(Caption-style text data)
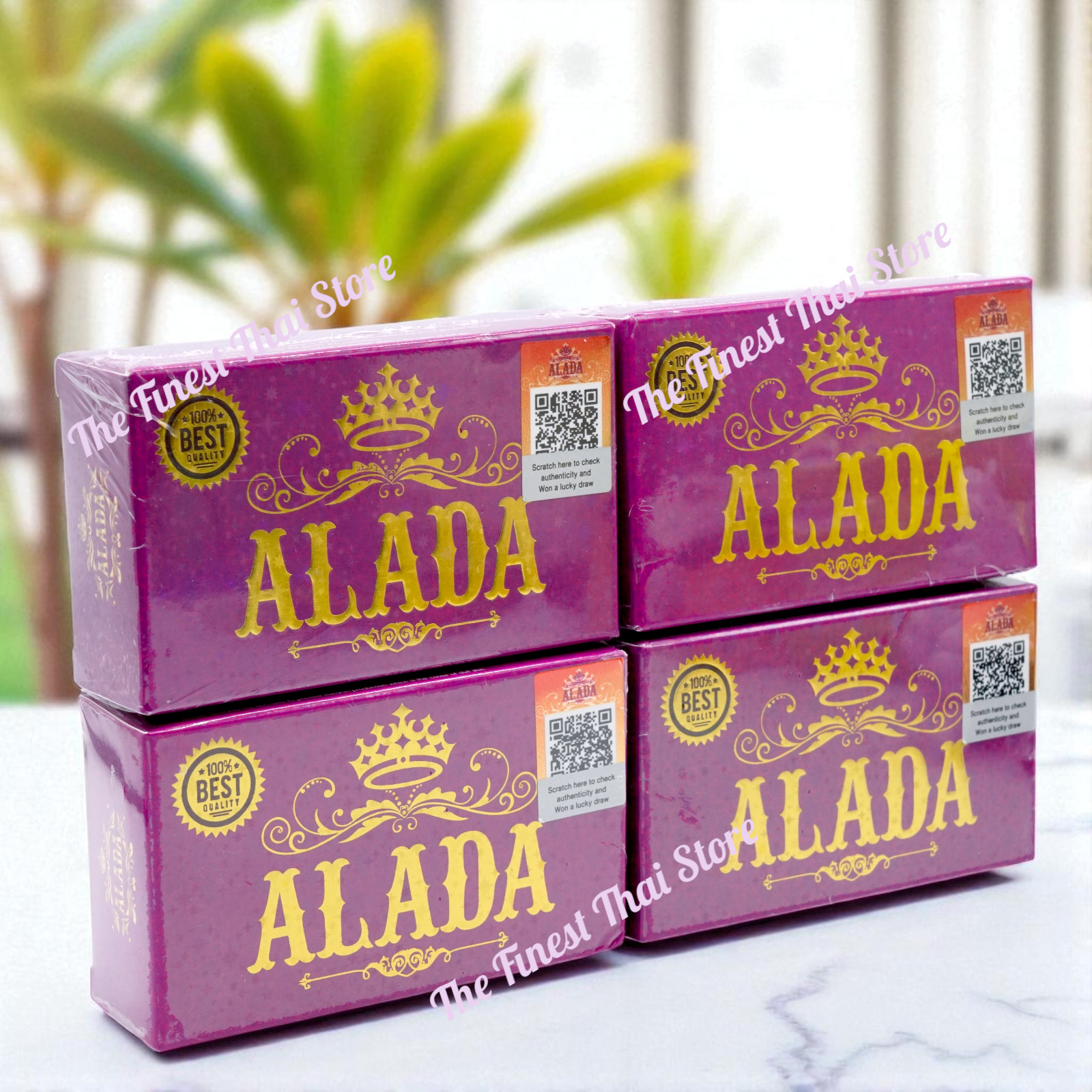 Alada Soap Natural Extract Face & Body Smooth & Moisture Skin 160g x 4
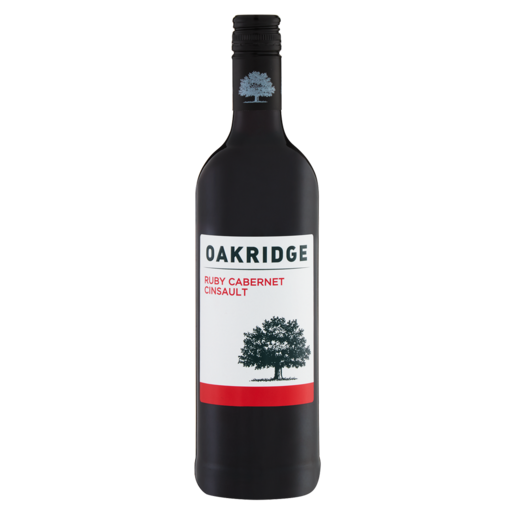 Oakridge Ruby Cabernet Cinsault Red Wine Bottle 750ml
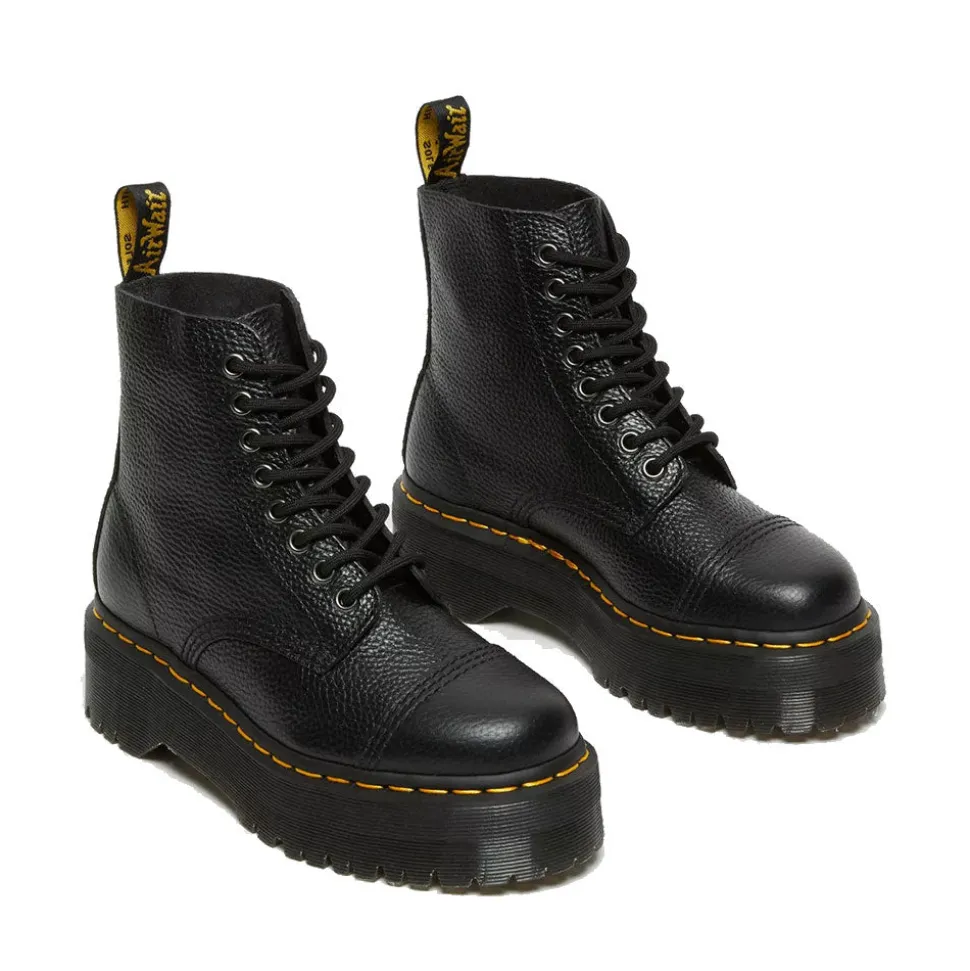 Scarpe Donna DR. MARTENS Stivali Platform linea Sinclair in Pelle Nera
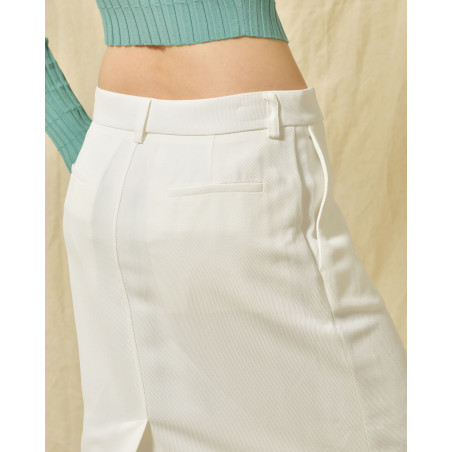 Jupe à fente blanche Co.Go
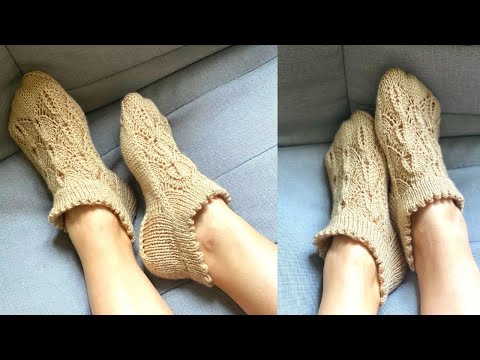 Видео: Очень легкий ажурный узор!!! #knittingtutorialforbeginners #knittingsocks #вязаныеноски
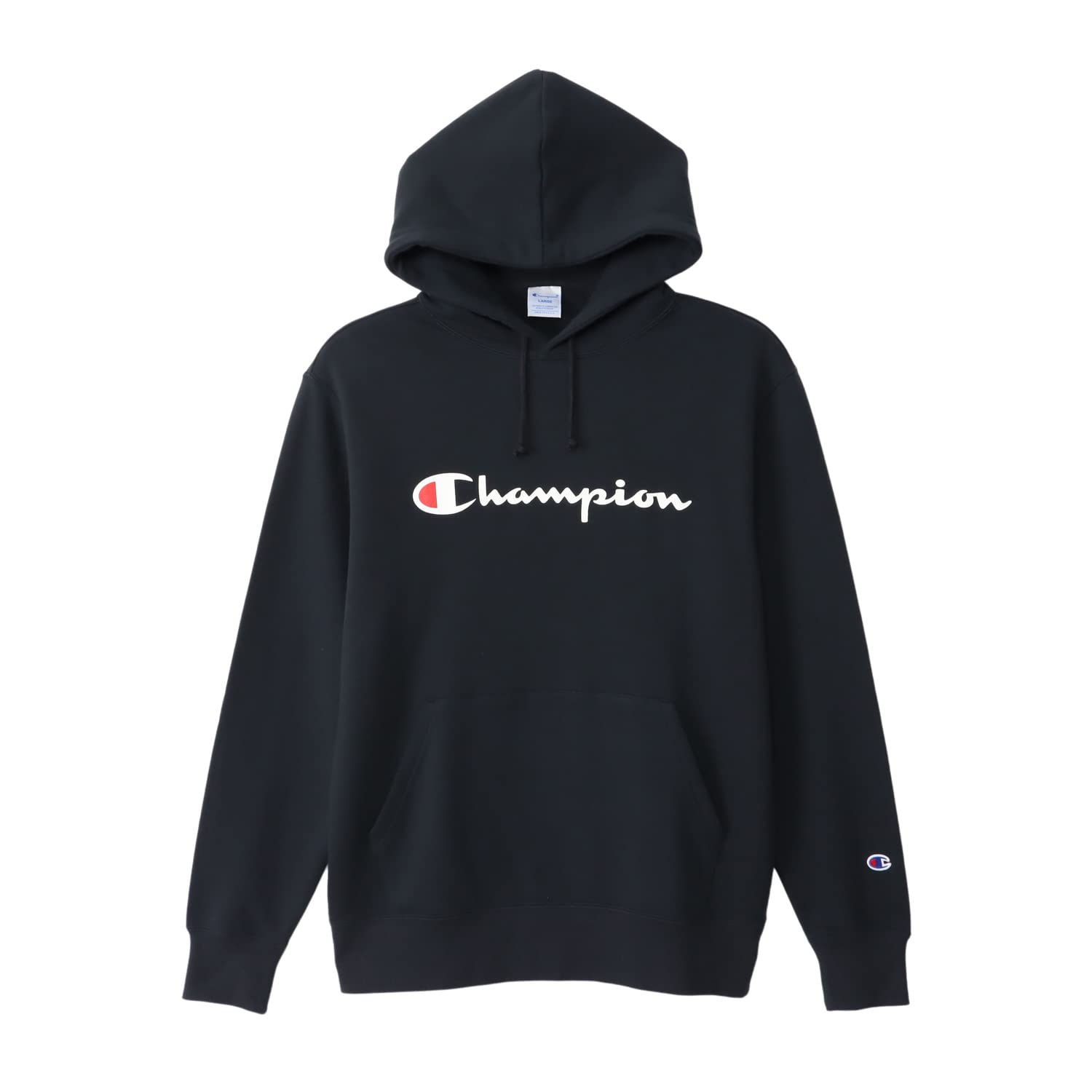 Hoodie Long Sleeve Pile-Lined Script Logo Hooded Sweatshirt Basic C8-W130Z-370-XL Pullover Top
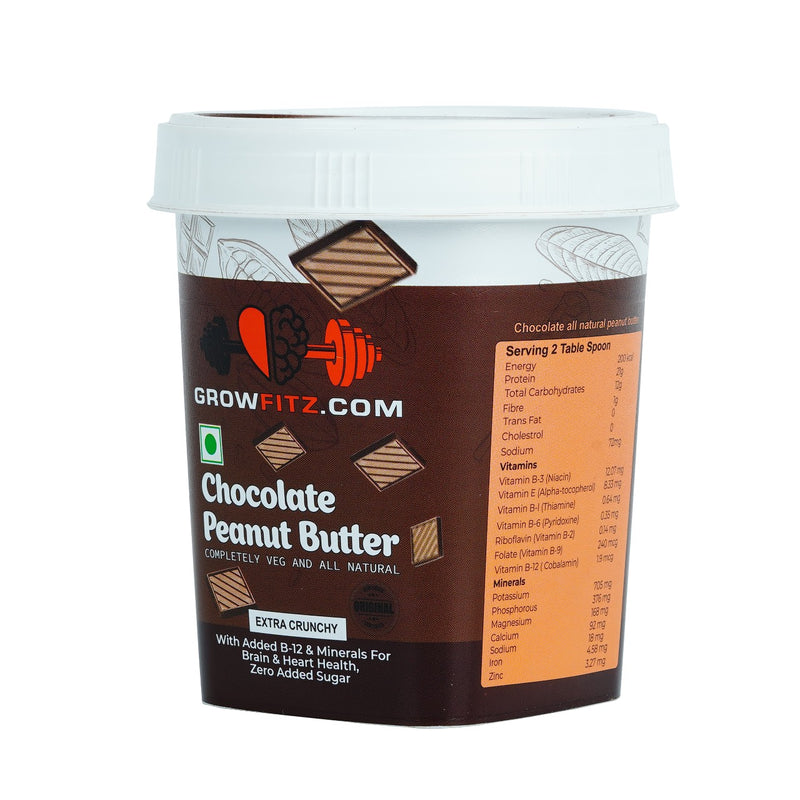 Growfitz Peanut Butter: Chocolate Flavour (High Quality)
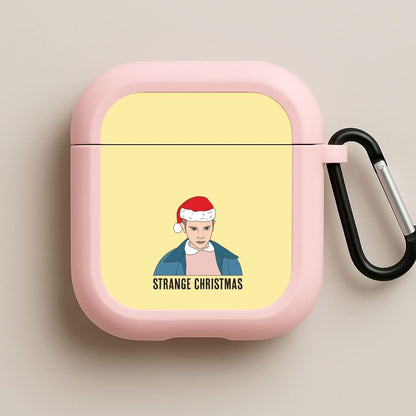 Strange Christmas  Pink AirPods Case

Problem: The entries above must be output exactly, with every image left out.

Response to this task:
 Alada Soap Natural Extract Face & Body Smooth & Moisture Skin 160g x 4
 Oakridge Ruby Cabernet Cinsault Red Wine Bottle 750ml
 Scarpe Donna DR. MARTENS Stivali Platform linea Sinclair in Pelle Nera
 Jupe à fente blanche Co.Go
 Видео: Очень легкий ажурный узор!!! #knittingtutorialforbeginners #knittingsocks #вязаныеноски
 Hoodie Long Sleeve Pile-Lined Script Logo Hooded Sweatshirt Basic C8-W130Z-370-XL Pullover Top
 Growfitz Peanut Butter: Chocolate Flavour (High Quality)
 Strange Christmas  Pink AirPods Case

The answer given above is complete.